Please reproduce exactly the lines from the start of the records through the one containing "EYZUTAK Чехол для", and nothing more.

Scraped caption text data
BEGIN
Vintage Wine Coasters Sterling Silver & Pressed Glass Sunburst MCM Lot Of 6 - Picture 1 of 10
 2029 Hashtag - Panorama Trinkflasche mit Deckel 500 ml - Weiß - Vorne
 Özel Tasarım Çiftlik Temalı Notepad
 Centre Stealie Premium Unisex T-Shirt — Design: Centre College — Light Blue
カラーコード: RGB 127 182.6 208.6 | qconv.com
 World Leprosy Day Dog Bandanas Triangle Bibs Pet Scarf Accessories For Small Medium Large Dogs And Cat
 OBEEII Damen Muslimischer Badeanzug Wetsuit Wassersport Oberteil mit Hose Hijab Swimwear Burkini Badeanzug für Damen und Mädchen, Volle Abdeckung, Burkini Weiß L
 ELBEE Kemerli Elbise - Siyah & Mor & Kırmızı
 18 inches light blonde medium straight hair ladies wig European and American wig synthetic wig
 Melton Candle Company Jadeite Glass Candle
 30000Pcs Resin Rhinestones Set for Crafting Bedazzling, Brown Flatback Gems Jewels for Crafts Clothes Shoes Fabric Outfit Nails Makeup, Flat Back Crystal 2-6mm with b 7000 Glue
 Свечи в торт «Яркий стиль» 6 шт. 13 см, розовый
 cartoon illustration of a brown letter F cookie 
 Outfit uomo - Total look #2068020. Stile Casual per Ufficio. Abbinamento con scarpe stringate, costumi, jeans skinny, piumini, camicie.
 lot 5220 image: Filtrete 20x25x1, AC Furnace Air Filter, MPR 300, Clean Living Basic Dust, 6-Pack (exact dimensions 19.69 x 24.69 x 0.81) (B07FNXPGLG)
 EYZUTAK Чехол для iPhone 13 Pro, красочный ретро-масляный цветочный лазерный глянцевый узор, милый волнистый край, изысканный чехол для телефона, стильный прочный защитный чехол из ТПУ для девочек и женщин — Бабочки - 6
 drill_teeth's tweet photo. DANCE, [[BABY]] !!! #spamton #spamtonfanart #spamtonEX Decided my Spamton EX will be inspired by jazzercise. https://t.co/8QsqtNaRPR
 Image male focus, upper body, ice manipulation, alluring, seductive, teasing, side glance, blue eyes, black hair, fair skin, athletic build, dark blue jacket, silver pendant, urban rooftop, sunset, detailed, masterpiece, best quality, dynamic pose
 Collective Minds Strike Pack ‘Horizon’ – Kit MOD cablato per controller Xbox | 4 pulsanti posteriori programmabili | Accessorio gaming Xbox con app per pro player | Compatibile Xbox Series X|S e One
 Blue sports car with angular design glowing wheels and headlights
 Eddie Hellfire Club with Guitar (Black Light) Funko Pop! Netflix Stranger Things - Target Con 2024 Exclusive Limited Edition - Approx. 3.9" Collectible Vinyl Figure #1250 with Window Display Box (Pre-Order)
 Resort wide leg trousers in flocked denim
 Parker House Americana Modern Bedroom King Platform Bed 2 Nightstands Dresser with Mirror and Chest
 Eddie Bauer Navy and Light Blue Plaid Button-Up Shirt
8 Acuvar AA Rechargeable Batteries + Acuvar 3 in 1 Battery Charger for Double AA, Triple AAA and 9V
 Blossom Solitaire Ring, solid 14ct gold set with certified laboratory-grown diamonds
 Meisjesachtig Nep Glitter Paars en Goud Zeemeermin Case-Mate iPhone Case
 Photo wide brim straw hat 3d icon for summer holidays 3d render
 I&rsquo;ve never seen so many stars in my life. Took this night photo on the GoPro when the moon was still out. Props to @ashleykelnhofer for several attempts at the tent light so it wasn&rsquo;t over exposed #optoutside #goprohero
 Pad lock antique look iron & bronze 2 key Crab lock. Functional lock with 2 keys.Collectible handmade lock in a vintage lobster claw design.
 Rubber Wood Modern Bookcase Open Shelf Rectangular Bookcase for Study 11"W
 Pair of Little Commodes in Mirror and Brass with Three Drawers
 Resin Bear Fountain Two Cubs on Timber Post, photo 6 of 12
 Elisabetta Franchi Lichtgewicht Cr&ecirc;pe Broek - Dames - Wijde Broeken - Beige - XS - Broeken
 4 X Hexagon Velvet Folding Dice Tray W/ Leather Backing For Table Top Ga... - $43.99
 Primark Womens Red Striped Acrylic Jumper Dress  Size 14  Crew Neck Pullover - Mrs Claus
END
* SOLUTION BELOW *
Vintage Wine Coasters Sterling Silver & Pressed Glass Sunburst MCM Lot Of 6 - Picture 1 of 10
 2029 Hashtag - Panorama Trinkflasche mit Deckel 500 ml - Weiß - Vorne
 Özel Tasarım Çiftlik Temalı Notepad
 Centre Stealie Premium Unisex T-Shirt — Design: Centre College — Light Blue
カラーコード: RGB 127 182.6 208.6 | qconv.com
 World Leprosy Day Dog Bandanas Triangle Bibs Pet Scarf Accessories For Small Medium Large Dogs And Cat
 OBEEII Damen Muslimischer Badeanzug Wetsuit Wassersport Oberteil mit Hose Hijab Swimwear Burkini Badeanzug für Damen und Mädchen, Volle Abdeckung, Burkini Weiß L
 ELBEE Kemerli Elbise - Siyah & Mor & Kırmızı
 18 inches light blonde medium straight hair ladies wig European and American wig synthetic wig
 Melton Candle Company Jadeite Glass Candle
 30000Pcs Resin Rhinestones Set for Crafting Bedazzling, Brown Flatback Gems Jewels for Crafts Clothes Shoes Fabric Outfit Nails Makeup, Flat Back Crystal 2-6mm with b 7000 Glue
 Свечи в торт «Яркий стиль» 6 шт. 13 см, розовый
 cartoon illustration of a brown letter F cookie 
 Outfit uomo - Total look #2068020. Stile Casual per Ufficio. Abbinamento con scarpe stringate, costumi, jeans skinny, piumini, camicie.
 lot 5220 image: Filtrete 20x25x1, AC Furnace Air Filter, MPR 300, Clean Living Basic Dust, 6-Pack (exact dimensions 19.69 x 24.69 x 0.81) (B07FNXPGLG)
 EYZUTAK Чехол для iPhone 13 Pro, красочный ретро-масляный цветочный лазерный глянцевый узор, милый волнистый край, изысканный чехол для телефона, стильный прочный защитный чехол из ТПУ для девочек и женщин — Бабочки - 6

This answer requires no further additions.